*** Block opens ***

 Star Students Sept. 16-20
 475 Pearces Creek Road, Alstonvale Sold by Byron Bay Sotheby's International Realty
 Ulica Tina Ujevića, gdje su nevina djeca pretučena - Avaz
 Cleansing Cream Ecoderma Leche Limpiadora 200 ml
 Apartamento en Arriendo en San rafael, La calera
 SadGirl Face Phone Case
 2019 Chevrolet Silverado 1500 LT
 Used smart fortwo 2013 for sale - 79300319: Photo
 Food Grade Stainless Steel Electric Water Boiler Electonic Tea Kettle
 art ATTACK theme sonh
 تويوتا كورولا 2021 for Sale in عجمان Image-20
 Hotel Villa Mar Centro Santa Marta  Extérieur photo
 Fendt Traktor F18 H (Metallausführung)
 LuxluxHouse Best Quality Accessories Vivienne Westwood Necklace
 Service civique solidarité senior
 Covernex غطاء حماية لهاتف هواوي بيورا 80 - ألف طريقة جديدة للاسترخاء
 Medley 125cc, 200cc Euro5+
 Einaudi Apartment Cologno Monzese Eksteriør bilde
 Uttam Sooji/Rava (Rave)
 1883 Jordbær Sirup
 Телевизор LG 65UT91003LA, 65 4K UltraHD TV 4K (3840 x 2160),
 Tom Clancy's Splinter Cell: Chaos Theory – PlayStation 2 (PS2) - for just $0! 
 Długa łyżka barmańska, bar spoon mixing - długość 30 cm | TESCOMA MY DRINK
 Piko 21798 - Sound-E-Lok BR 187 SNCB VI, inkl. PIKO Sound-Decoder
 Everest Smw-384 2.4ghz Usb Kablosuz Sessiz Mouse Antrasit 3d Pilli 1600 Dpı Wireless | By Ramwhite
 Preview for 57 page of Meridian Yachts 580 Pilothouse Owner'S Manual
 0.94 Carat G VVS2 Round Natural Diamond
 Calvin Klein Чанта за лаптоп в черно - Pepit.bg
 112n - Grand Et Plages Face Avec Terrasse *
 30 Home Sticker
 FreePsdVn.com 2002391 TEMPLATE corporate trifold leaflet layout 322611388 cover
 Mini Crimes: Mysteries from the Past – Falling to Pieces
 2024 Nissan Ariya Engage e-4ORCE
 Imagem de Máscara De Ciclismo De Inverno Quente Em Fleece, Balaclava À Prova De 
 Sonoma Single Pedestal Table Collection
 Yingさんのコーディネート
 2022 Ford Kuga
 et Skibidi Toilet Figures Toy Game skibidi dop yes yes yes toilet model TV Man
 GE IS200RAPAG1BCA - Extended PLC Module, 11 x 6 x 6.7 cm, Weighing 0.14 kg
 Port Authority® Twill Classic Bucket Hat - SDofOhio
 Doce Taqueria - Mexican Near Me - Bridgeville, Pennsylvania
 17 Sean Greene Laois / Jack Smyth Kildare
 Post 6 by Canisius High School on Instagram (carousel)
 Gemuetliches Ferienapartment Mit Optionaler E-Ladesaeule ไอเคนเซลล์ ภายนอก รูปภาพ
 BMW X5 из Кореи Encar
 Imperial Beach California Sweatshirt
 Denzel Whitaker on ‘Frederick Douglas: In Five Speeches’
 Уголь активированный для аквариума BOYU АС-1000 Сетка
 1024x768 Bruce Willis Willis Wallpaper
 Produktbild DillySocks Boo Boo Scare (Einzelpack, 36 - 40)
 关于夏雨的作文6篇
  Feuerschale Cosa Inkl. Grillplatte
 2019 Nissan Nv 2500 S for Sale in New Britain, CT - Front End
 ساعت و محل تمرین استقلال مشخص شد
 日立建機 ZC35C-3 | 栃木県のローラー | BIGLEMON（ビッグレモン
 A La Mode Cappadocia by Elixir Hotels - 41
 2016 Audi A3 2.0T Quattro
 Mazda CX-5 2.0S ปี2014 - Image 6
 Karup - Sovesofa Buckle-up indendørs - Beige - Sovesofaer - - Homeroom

*** Block closes ***

Your instructions.
Write the material out again in full, leaving no line out.

Exercise solution.
 Star Students Sept. 16-20
 475 Pearces Creek Road, Alstonvale Sold by Byron Bay Sotheby's International Realty
 Ulica Tina Ujevića, gdje su nevina djeca pretučena - Avaz
 Cleansing Cream Ecoderma Leche Limpiadora 200 ml
 Apartamento en Arriendo en San rafael, La calera
 SadGirl Face Phone Case
 2019 Chevrolet Silverado 1500 LT
 Used smart fortwo 2013 for sale - 79300319: Photo
 Food Grade Stainless Steel Electric Water Boiler Electonic Tea Kettle
 art ATTACK theme sonh
 تويوتا كورولا 2021 for Sale in عجمان Image-20
 Hotel Villa Mar Centro Santa Marta  Extérieur photo
 Fendt Traktor F18 H (Metallausführung)
 LuxluxHouse Best Quality Accessories Vivienne Westwood Necklace
 Service civique solidarité senior
 Covernex غطاء حماية لهاتف هواوي بيورا 80 - ألف طريقة جديدة للاسترخاء
 Medley 125cc, 200cc Euro5+
 Einaudi Apartment Cologno Monzese Eksteriør bilde
 Uttam Sooji/Rava (Rave)
 1883 Jordbær Sirup
 Телевизор LG 65UT91003LA, 65 4K UltraHD TV 4K (3840 x 2160),
 Tom Clancy's Splinter Cell: Chaos Theory – PlayStation 2 (PS2) - for just $0! 
 Długa łyżka barmańska, bar spoon mixing - długość 30 cm | TESCOMA MY DRINK
 Piko 21798 - Sound-E-Lok BR 187 SNCB VI, inkl. PIKO Sound-Decoder
 Everest Smw-384 2.4ghz Usb Kablosuz Sessiz Mouse Antrasit 3d Pilli 1600 Dpı Wireless | By Ramwhite
 Preview for 57 page of Meridian Yachts 580 Pilothouse Owner'S Manual
 0.94 Carat G VVS2 Round Natural Diamond
 Calvin Klein Чанта за лаптоп в черно - Pepit.bg
 112n - Grand Et Plages Face Avec Terrasse *
 30 Home Sticker
 FreePsdVn.com 2002391 TEMPLATE corporate trifold leaflet layout 322611388 cover
 Mini Crimes: Mysteries from the Past – Falling to Pieces
 2024 Nissan Ariya Engage e-4ORCE
 Imagem de Máscara De Ciclismo De Inverno Quente Em Fleece, Balaclava À Prova De 
 Sonoma Single Pedestal Table Collection
 Yingさんのコーディネート
 2022 Ford Kuga
 et Skibidi Toilet Figures Toy Game skibidi dop yes yes yes toilet model TV Man
 GE IS200RAPAG1BCA - Extended PLC Module, 11 x 6 x 6.7 cm, Weighing 0.14 kg
 Port Authority® Twill Classic Bucket Hat - SDofOhio
 Doce Taqueria - Mexican Near Me - Bridgeville, Pennsylvania
 17 Sean Greene Laois / Jack Smyth Kildare
 Post 6 by Canisius High School on Instagram (carousel)
 Gemuetliches Ferienapartment Mit Optionaler E-Ladesaeule ไอเคนเซลล์ ภายนอก รูปภาพ
 BMW X5 из Кореи Encar
 Imperial Beach California Sweatshirt
 Denzel Whitaker on ‘Frederick Douglas: In Five Speeches’
 Уголь активированный для аквариума BOYU АС-1000 Сетка
 1024x768 Bruce Willis Willis Wallpaper
 Produktbild DillySocks Boo Boo Scare (Einzelpack, 36 - 40)
 关于夏雨的作文6篇
  Feuerschale Cosa Inkl. Grillplatte
 2019 Nissan Nv 2500 S for Sale in New Britain, CT - Front End
 ساعت و محل تمرین استقلال مشخص شد
 日立建機 ZC35C-3 | 栃木県のローラー | BIGLEMON（ビッグレモン
 A La Mode Cappadocia by Elixir Hotels - 41
 2016 Audi A3 2.0T Quattro
 Mazda CX-5 2.0S ปี2014 - Image 6
 Karup - Sovesofa Buckle-up indendørs - Beige - Sovesofaer - - Homeroom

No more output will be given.